On this new period instrument recording of "Les Nuits d'Été" and the symphony "Harold in Italy" by Hector Berlioz, from the award winning musical director Marc Minkowski and Les Musiciens du Louvre-Grenoble, the featured soloists are two of the leading exponents of their art in recent years, the mezzo-soprano Anne Sofie von Otter and the viola player Antoine Tamestit. Marc Minkowski is one of the most important conductors to have emerged since the 1990s. Over the last two decades he has carved out a niche for himself in the lesser-known works of the French and Italian Baroque. He began his career as a bassoonist, becoming a baroque specialist during his tenure with such ensembles as Les Arts Florissants, the Clemencic Consort of Vienna, and La Chapelle Royale.
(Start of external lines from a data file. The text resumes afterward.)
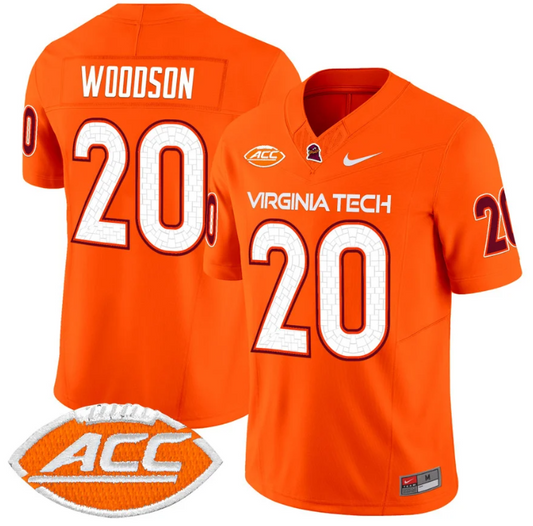 Caleb Woodson Jersey #20 Virginia Tech Hokies Vapor Limited College Football Orange
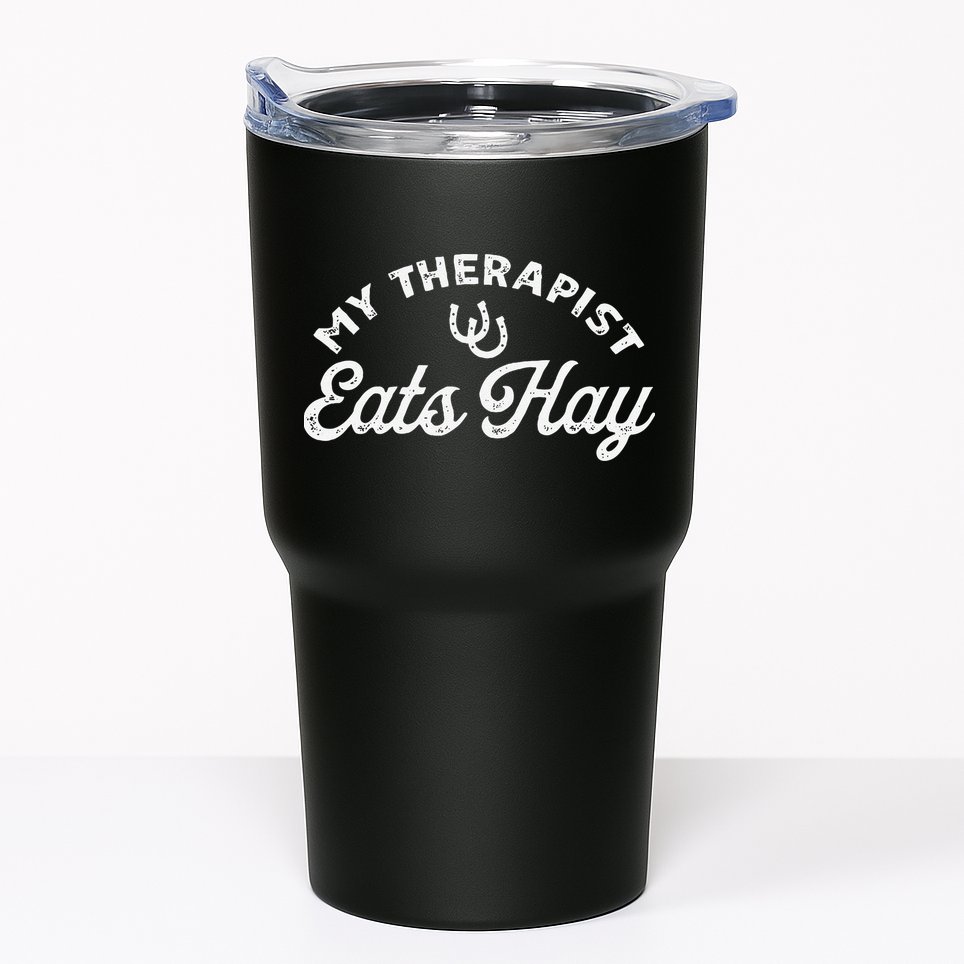 Vintage Retro My Therapist Eats Hay Funny Horse Lover Tumbler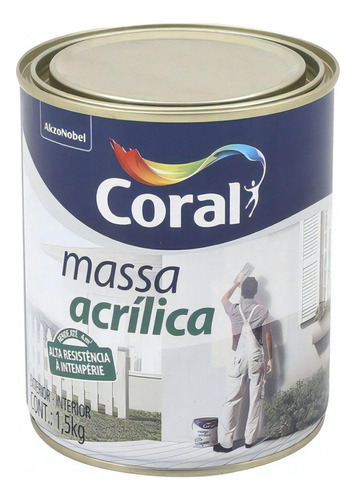 Massa Acrílica Branca 1,5 Kg - Interna E Externa - Coral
After taking first prize at the first International Early Music Competition in Bruges (1984), Minkowski founded his own early instrument ensemble, Les Musiciens du Louvre, with which he has made the bulk of his recordings. Born in Sweden, Anne Sofie von Otter's studies began in Stockholm and continued with Vera Rozsa at London's Guildhall before she became a principal artist of the Basel Opera from where an international career, which has now spanned more than two decades, was launched. Equally active in opera, concert, recital and recording and noted as one of the most versatile artists of her generation Anne Sofie von Otter appears regularly on the world's major stages and boasts an unrivalled discography. Antoine Tamestit was a BBC Radio 3 New Generation Artist between 2004 and 2006. During this period he made several solo and concerto recordings for the radio with BBC orchestras throughout the UK, and recitals engagements, including his debut performance at London's Wigmore Hall in October 2005. In 2008 he won the prestigious Credit Suisse award. Personnel: Anne Sofie von Otter (mezzo-soprano), Antoine Tamestit (viola), Les Musiciens du Louvre-Grenoble, Marc Minkowski (conductor)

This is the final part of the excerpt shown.